**TASK ITEM**. Among the records below, find each line that includes the string "Center" and copy it.

**PROVIDED RECORDS**.

..............................

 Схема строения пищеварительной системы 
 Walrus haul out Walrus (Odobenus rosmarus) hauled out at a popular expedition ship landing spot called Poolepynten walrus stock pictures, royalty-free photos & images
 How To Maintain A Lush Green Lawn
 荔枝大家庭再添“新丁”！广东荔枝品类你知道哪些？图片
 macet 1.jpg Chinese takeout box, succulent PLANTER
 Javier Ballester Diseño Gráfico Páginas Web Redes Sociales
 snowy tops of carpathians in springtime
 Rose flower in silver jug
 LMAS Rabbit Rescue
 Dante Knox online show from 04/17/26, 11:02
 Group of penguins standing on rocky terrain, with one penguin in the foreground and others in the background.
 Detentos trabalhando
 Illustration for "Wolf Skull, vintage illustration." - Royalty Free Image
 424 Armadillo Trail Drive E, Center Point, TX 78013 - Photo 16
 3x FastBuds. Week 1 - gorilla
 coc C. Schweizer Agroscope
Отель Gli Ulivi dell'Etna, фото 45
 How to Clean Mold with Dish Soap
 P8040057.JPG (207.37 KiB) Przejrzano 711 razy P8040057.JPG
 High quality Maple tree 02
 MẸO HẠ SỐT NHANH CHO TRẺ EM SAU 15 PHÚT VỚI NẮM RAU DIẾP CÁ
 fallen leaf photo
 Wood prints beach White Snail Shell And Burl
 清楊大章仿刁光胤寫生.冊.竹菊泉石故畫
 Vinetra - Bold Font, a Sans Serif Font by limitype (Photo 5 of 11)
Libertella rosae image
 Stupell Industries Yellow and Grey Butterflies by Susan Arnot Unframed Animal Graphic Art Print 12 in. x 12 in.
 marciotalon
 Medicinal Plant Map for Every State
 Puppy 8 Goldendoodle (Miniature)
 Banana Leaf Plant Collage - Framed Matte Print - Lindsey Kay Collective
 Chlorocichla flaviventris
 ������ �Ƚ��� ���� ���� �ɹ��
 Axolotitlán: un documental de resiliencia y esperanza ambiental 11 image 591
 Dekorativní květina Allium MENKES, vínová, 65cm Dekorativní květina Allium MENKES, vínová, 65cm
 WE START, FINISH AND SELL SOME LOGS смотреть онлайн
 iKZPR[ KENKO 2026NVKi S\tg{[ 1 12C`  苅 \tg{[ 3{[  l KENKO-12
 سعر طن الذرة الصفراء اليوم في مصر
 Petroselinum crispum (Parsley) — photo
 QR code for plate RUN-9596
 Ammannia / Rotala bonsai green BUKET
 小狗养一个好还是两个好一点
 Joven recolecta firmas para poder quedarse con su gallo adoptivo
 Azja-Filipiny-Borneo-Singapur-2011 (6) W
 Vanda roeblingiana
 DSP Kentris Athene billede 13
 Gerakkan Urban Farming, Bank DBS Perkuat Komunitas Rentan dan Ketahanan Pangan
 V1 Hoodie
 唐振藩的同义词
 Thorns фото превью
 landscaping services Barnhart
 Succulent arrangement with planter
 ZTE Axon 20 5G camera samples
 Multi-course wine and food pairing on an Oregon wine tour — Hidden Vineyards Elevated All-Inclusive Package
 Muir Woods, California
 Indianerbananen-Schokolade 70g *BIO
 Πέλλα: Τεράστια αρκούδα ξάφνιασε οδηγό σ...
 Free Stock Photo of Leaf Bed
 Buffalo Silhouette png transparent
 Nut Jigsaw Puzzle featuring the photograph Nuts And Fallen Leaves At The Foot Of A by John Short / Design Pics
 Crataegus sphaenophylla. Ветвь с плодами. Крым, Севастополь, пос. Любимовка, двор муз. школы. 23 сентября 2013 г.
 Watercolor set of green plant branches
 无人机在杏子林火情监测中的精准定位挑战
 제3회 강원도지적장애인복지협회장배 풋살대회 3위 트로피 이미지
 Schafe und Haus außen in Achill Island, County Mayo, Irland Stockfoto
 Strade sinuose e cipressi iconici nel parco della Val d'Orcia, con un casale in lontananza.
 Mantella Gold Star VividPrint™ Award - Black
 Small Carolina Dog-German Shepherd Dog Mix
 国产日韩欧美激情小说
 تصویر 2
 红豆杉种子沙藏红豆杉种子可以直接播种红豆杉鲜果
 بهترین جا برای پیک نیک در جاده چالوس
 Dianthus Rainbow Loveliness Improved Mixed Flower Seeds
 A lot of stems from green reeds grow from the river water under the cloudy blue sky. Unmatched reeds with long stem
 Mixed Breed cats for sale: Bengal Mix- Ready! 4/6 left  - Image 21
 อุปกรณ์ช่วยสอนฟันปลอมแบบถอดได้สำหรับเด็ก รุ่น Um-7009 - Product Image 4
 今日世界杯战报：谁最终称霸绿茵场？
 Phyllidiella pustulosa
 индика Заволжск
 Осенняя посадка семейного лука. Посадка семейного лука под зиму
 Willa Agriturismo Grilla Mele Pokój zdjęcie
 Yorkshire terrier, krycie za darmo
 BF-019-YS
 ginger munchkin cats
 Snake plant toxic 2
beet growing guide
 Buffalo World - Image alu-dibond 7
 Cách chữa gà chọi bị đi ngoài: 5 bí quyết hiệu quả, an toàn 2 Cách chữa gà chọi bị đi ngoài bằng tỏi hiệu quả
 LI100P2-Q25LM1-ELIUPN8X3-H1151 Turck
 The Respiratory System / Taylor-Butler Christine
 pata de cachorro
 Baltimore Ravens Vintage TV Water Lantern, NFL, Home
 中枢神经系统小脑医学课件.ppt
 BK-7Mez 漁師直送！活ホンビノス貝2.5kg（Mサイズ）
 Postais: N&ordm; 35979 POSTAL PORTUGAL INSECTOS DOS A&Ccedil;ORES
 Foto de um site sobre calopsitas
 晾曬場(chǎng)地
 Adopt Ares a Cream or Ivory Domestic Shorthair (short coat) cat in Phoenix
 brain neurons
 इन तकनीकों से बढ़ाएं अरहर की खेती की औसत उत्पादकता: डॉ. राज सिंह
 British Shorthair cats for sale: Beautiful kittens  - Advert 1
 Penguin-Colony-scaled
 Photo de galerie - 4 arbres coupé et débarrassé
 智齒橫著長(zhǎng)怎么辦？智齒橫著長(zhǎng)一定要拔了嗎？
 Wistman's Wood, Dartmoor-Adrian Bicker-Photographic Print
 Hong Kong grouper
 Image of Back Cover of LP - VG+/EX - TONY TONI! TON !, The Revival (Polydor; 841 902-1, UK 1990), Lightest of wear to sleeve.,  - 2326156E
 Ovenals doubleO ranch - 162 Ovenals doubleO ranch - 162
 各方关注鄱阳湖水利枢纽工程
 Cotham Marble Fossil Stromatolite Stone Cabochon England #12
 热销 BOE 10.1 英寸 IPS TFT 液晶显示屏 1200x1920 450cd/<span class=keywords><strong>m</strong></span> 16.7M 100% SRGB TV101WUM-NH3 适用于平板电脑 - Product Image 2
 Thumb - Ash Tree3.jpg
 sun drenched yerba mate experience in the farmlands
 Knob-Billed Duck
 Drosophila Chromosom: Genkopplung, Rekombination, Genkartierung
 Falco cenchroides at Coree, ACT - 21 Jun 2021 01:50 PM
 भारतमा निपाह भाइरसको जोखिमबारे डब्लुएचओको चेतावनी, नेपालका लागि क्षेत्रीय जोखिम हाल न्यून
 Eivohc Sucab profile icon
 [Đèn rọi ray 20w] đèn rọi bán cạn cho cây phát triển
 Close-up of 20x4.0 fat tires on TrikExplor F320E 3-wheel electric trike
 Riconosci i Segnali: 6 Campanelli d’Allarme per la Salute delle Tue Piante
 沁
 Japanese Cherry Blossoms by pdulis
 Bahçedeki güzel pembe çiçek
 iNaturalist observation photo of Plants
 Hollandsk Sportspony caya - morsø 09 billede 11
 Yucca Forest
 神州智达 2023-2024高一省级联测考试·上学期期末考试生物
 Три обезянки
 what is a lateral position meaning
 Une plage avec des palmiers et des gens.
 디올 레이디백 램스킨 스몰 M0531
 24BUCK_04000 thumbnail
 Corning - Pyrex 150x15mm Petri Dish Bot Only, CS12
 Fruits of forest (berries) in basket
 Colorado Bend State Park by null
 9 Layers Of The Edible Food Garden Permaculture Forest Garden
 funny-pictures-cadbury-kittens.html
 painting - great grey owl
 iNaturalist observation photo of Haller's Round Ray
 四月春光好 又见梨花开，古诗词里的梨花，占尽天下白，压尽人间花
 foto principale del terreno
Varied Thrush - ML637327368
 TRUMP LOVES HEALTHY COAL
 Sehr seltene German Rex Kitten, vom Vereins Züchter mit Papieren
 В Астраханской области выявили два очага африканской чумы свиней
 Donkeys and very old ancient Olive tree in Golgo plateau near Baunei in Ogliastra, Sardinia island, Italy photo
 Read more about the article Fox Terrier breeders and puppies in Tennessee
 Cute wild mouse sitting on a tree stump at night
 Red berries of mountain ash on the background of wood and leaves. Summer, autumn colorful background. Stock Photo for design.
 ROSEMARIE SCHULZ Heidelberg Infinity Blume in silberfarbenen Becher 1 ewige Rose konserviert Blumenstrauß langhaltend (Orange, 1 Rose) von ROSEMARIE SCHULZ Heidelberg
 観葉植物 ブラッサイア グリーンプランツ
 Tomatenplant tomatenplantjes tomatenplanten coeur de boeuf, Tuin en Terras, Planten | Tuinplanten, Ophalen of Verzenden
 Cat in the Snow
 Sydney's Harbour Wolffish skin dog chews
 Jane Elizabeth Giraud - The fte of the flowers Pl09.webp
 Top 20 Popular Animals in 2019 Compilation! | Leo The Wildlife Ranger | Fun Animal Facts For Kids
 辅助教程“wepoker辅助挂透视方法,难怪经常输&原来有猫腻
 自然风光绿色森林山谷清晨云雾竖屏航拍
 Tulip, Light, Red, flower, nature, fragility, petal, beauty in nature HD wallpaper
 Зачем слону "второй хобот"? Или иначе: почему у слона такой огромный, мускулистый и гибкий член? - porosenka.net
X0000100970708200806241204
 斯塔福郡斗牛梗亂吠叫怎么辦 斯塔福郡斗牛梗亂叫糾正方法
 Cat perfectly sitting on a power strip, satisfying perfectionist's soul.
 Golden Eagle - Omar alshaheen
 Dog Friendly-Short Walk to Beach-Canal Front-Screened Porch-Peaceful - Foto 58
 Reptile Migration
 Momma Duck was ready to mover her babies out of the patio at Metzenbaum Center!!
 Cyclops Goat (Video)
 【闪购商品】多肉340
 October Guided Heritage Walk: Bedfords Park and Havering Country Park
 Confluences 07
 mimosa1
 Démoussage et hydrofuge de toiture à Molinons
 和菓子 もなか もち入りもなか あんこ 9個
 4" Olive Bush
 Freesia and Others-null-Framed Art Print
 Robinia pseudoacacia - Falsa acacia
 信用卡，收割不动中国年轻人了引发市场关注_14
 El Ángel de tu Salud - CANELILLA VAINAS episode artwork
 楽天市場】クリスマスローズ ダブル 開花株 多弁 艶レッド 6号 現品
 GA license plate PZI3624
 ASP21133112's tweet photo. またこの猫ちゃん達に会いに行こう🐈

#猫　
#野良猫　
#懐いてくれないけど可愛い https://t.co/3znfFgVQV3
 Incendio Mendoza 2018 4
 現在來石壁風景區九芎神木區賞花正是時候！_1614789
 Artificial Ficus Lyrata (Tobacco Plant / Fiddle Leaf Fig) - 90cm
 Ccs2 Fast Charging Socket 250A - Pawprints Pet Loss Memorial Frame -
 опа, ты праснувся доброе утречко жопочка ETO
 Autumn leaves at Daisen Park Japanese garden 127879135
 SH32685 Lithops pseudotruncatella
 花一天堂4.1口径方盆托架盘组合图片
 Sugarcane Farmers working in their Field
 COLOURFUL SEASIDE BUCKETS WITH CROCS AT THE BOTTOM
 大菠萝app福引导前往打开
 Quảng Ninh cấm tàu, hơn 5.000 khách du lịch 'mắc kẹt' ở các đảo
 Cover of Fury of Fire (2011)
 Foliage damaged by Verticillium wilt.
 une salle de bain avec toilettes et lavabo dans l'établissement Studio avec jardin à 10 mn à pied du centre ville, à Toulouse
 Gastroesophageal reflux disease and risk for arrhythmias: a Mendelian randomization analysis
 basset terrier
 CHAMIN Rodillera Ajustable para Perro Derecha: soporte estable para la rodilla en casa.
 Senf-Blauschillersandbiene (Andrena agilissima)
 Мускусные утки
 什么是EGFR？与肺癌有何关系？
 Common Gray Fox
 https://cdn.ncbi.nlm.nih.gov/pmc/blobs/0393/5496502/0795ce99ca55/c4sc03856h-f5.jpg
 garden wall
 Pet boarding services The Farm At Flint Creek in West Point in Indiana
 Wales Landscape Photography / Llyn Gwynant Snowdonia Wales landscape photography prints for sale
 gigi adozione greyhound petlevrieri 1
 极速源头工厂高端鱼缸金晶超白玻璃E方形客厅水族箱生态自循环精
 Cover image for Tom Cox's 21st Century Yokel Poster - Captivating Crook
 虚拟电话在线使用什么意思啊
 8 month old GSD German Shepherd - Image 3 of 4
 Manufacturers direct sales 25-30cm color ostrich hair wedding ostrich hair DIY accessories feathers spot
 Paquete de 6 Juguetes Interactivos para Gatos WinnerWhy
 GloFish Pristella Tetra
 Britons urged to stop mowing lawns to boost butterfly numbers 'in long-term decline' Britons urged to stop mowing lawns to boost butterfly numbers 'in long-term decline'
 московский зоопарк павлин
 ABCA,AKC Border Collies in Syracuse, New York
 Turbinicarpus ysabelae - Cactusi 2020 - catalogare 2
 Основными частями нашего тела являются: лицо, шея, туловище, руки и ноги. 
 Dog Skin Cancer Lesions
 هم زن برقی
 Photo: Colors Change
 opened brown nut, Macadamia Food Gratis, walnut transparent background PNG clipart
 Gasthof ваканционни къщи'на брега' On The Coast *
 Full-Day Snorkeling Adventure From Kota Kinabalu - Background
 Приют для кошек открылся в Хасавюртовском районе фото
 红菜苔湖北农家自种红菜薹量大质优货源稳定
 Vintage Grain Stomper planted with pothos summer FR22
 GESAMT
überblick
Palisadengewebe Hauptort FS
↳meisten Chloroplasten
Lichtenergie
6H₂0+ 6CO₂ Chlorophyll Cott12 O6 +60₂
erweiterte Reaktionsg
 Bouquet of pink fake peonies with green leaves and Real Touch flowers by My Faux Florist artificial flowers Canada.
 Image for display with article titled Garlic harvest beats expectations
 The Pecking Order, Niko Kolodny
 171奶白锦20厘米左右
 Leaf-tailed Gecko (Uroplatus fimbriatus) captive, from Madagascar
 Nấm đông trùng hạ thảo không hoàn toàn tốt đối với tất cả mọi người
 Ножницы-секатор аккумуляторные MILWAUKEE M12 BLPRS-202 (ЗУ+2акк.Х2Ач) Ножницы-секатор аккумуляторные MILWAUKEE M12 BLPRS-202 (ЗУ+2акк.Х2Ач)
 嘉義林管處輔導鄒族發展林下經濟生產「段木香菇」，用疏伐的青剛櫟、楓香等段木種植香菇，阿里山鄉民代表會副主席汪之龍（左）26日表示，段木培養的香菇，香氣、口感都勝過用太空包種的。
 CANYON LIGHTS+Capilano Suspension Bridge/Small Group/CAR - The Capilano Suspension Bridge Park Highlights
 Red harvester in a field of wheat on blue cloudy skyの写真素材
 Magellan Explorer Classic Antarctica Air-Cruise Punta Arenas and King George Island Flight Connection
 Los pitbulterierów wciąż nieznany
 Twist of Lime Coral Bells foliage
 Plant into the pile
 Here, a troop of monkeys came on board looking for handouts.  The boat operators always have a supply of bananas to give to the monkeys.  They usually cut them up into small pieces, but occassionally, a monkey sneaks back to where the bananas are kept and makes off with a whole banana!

..............................

**ANSWER TO THIS TASK**.
 424 Armadillo Trail Drive E, Center Point, TX 78013 - Photo 16
 Momma Duck was ready to mover her babies out of the patio at Metzenbaum Center!!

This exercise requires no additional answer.